C chemokine receptors The "C" sub-family of chemokine receptors contains only one member: XCR1, the receptor for XCL1 and XCL2 (or lymphotactin-1 and -2). XCR1 is also known as GPR5. XCL1 is expressed by medullary thymic epithelial T cells (mTECs) while XCR1 is expressed by thymic dendritic cells (tDCs). This communication helps with the destruction of cells that are not self-tolerant.
CX3C chemokine receptors CX3C chemokine receptor 1 (CX3CR1) also known as the fractalkine receptor or G-protein coupled receptor 13 (GPR13) is a protein that in humans is encoded by the CX3CR1 gene. As the name suggests, this receptor binds the chemokine CX3CL1 (also called neurotactin or fractalkine).

  • TGF beta receptor

Transforming growth factor beta (TGFβ) receptors are single pass serine/threonine kinase receptors. They exist in several different isoforms that can be homo- or heterodimeric. The number of characterized ligands in the TGFβ superfamily far exceeds the number of known receptors, suggesting the promiscuity that exists between the ligand and receptor interactions.

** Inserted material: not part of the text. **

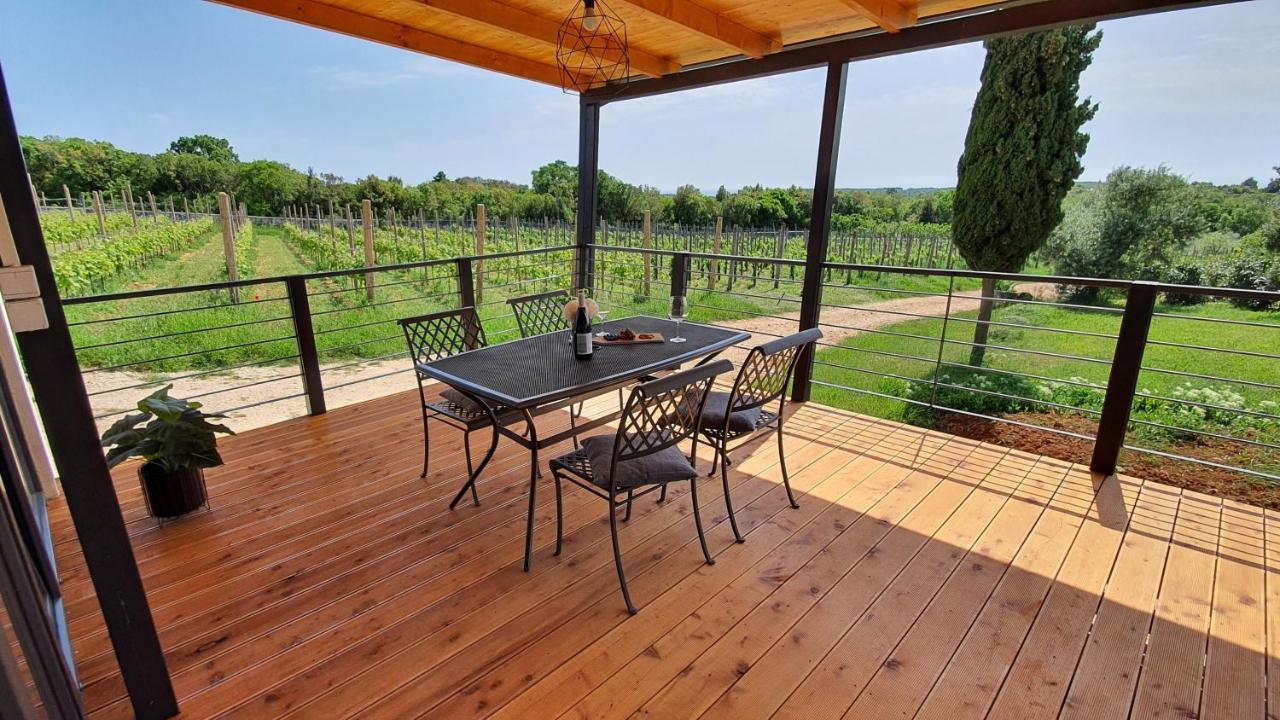 Collis Winery - Family & Friends - Mobilhome Ровин Екстериор снимка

Transforming growth factor beta receptor I Transforming growth factor beta receptor I (activin A receptor type II-like kinase, 53kDa) is a membrane-bound receptor protein for the TGF beta superfamily of signaling ligands. TGFBR1 is its human gene. The protein encoded by this gene forms a heteromeric complex with type II TGF-β receptors when bound to TGF-β, transducing the TGF-β signal from the cell surface to the cytoplasm. The encoded protein is a serine/threonine protein kinase. Mutations in this gene have been associated with Loeys–Dietz aortic aneurysm syndrome (LDS, LDAS).
Transforming growth factor beta receptor II Transforming growth factor beta receptor II (70/80kDa) is a TGF beta receptor. TGFBR2 is its human gene. It is a tumor suppressor gene. This gene encodes a member of the serine/threonine protein kinase family and the TGFB receptor subfamily. The encoded protein is a transmembrane protein that has a protein kinase domain, forms a heterodimeric complex with another receptor protein, and binds TGF-beta. This receptor/ligand complex phosphorylates proteins, which then enter the nucleus and regulate the transcription of a subset of genes are related to cell proliferation.